Aicon Gallery is proud to present From Not Everyone’s Heaven, a major new solo exhibition by Karachi-based artist Adeela Suleman. The exhibition hinges on a new body of work made up of meticulously painted landscapes and battle scenes, either tinged or awash with blood, framed within or painted directly on objects such as hand-carved window frames and decorative plates found by Suleman in the bazaars of Karachi, Pakistan. The works address the ways in which the continuous and escalating cycle of violence and unrest plaguing Pakistan is not only leaving its mark on the awareness and memories of individuals, but has begun seeping into the very spaces and landscapes of its citizens’ daily experience and collective consciousness.

Over a career now spanning nearly 20 years, Adeela Suleman has returned again and again to the juxtaposition of nature and violence. The recurring motif is fitting given the country in which Suleman lives and works. Pakistan plays host to some of the most breathtakingly beautiful natural landscapes in the world, yet with each passing year, the world has also grown increasingly familiar with the country’s darker side, in which religious and sectarian divides have led to ever increasingly horrific scenes of violence and bloodshed. As the outside world looks on in horror at the escalating violence and tragedy, the residents of Karachi, Lahore and the rural countryside have begun to sink into a sort of necessity of acceptance of the chaos that has become a tragic part of daily life. This situation in which one becomes numb to the constant threat of violence simply in order to continue to live a semblance of a normal life, is a theme often central to Suleman’s work and is reflected in the title of the macabre and haunting video Don't Despair, Not Even Over the Fact that You Don't Despair, in which one can hardly fathom the casual horror unfolding in front of us.

This seemingly inherent natural state of violence perhaps manifests itself most powerfully in Suleman’s new series of works Not Everyone’s Heaven. In these pieces, ornately hand-carved window frames open onto scenes of stunningly beautiful landscapes from Pakistan’s Northern provinces, which unfortunately have seen some of the most appalling acts of terror and violence over the past 10 years. Thus, Suleman’s landscapes have become tinged with blood and populated by historically sourced warriors doing battle, undeterred by the intense beauty which surrounds them. The paring of these landscapes with elements of blood and violence, sees Suleman posing a difficult question that has likely become all too common to many living amidst the increasing tensions and instabilities of South Asia and the Middle East. That being, whether continuous violence throughout history is as natural a part of the human condition as the physical world that surround us.

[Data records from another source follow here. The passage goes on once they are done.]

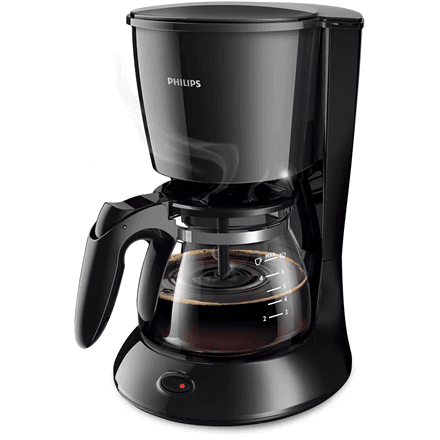 Philips | Daily Collection Coffee maker | HD7432/20 | Drip | 750 W | Black – nuotrauka 1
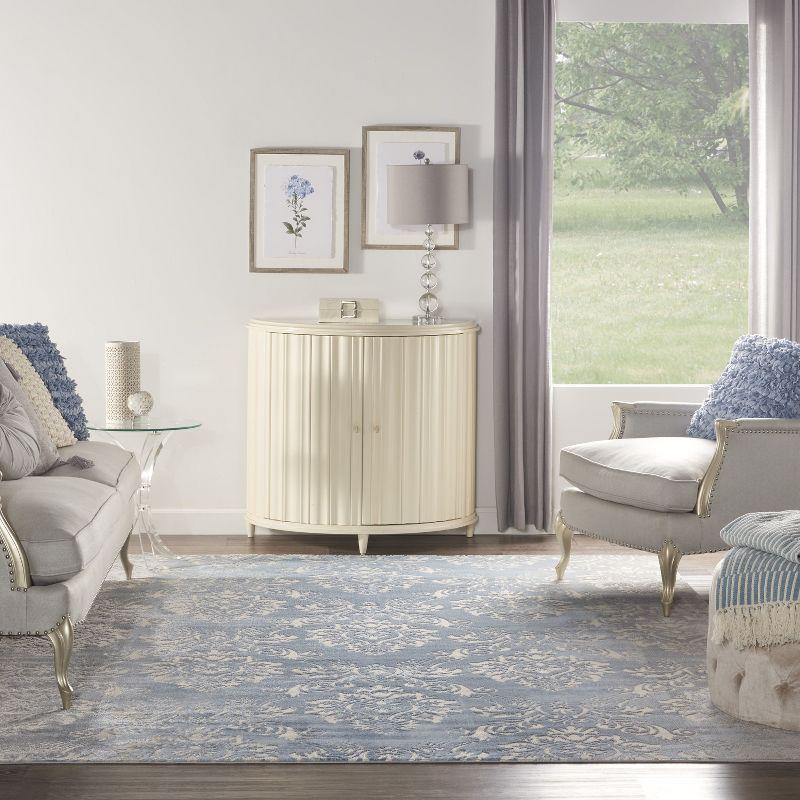 Nourison Elation ETN03 Indoor only Area Rug - Ivory Blue 7'10" x 9'10"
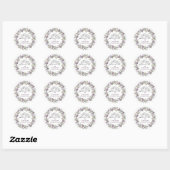 Sticker Rond Douceur personnalisée 16 Enveloppe Lilac violet Sc (Feuille)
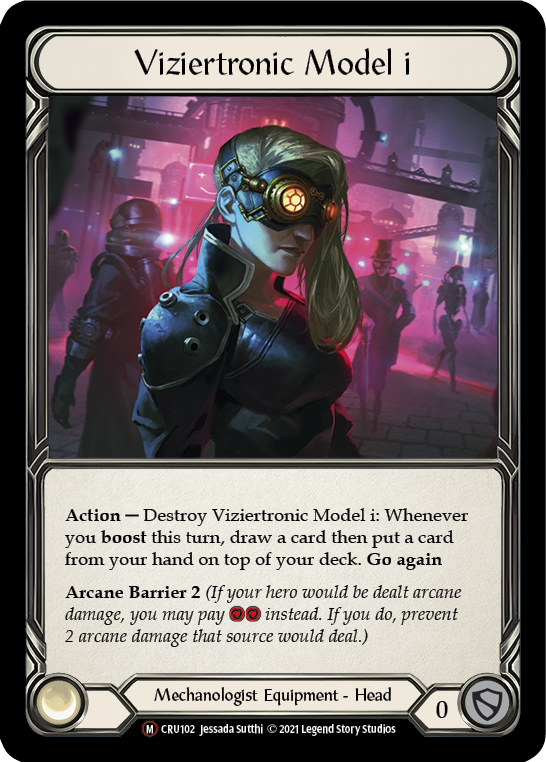Viziertronic Model i (Rainbow Foil) [CRU102-RF] Unlimited Rainbow Foil | Webway Games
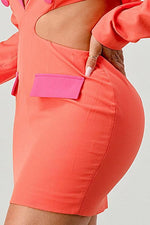 CUT OUT BLAZER DRESS - PRIVILEGE 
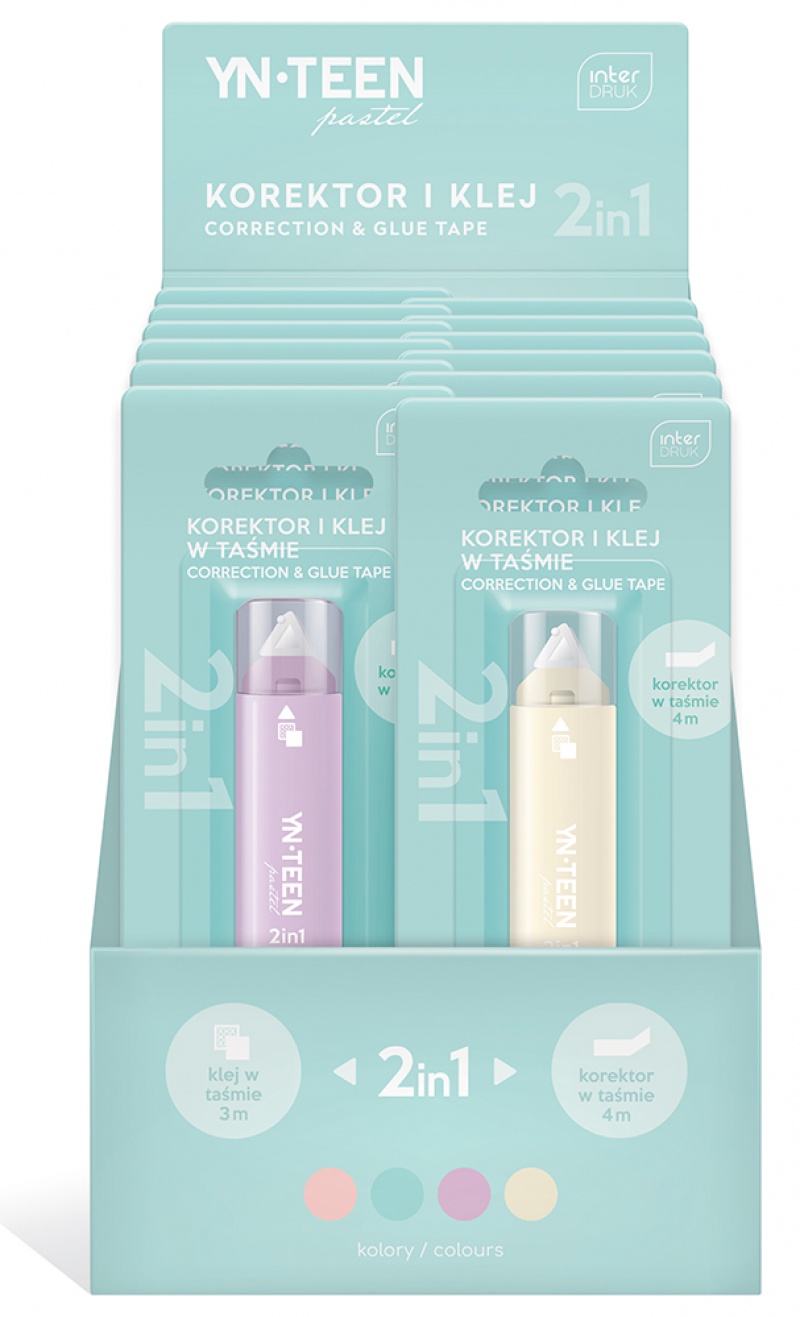 INT KOREKTOR I KLEJ W TAŚMIE PASTEL, Podkategoria, Kategoria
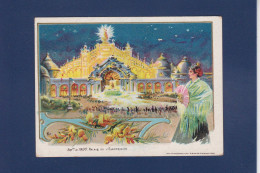 Chromo Publicité Publicitaire Non Circulé Machine à Coudre Singer Voir Scan Du Dos Exposition 1900 - Werbepostkarten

This seemingly natural condition of violence and conflict finds further resonance in the figures found doing battle in Suleman’s landscapes or lying prone and bloody upon her ornate plates. These figures, painted in the miniaturist tradition, seem to arise from both deep history, i.e. crusaders and medieval Islamic warriors, as well as from contemporary images of the carnage and aftermath of contemporary scenes of terror and violence. The fact that it is often impossible to tell who is fighting who, who is on which side, or indeed when these scenes might be taking place, points once again to the ubiquity of violent conflict that stretches across our entire shared history as a species and shows no signs of disappearing even in the so called modern and civilized societies of today.

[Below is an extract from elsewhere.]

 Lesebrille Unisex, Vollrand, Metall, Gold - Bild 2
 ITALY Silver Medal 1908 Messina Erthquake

In another set of works, Suleman has painted a similar series of stunningly pristine vistas of the natural beauty of Northern Pakistan, including the Swat Valley and Kashmir, directly onto a set of sharpened weighty meat cleavers. The heft, menace and purpose of these objects once again belies the ominous underpinnings of the beautiful landscapes of mountains, lakes, and sky painted upon them in the sense that these majestic areas often play host to some of the most shocking violence in the whole of South Asia. Paired with Suleman’s plates, covered in scenes of mass carnage, death and decapitation, either from historical or contemporary sources, these works pose yet another uncomfortable supposition by linking the communal pleasure of preparing and consuming food with the sinister pleasure certain groups seem to derive from sowing violence and chaos throughout the ages. Throughout the exhibition, Suleman’s works tread upon this knife-edge between natural beauty and ever-present violence and chaos that seem to be a permanent fixture of our shared humanity, transcending regions, cultures, religions, and history itself.

Adeela Suleman studied Sculpture at the Indus Valley School of Art and completed a Master’s degree in International Relations from the University of Karachi. She is currently the Coordinator of Vasl Artists’ Collective in Karachi, in addition to being the Coordinator of the Fine Art Department at Indus Valley School of Art and Architecture. Suleman has participated extensively with group and solo exhibitions worldwide, including An Atlas of Mirrors - Singapore Biennale at the Singapore Art Museum, Phantoms of Asia at the Asian Art Museum, San Francisco, the 2013 Asian Art Biennial at the National Taiwan Museum of Fine Art, Hanging Fire – Contemporary Art from Pakistan at The Asia Society, New York; Gallery Rohtas 2, Lahore; Canvas Gallery, Karachi; Gandhara Art Space, Karachi; Alberto Peola Gallery, Torino; Aicon Gallery, New York; and, the International Exhibition of Contemporary Art, Bologna, Italy (2008). Reviews and features of work appear in Artforum and the New York Times, among other publications. The artist lives and works in Karachi, Pakistan.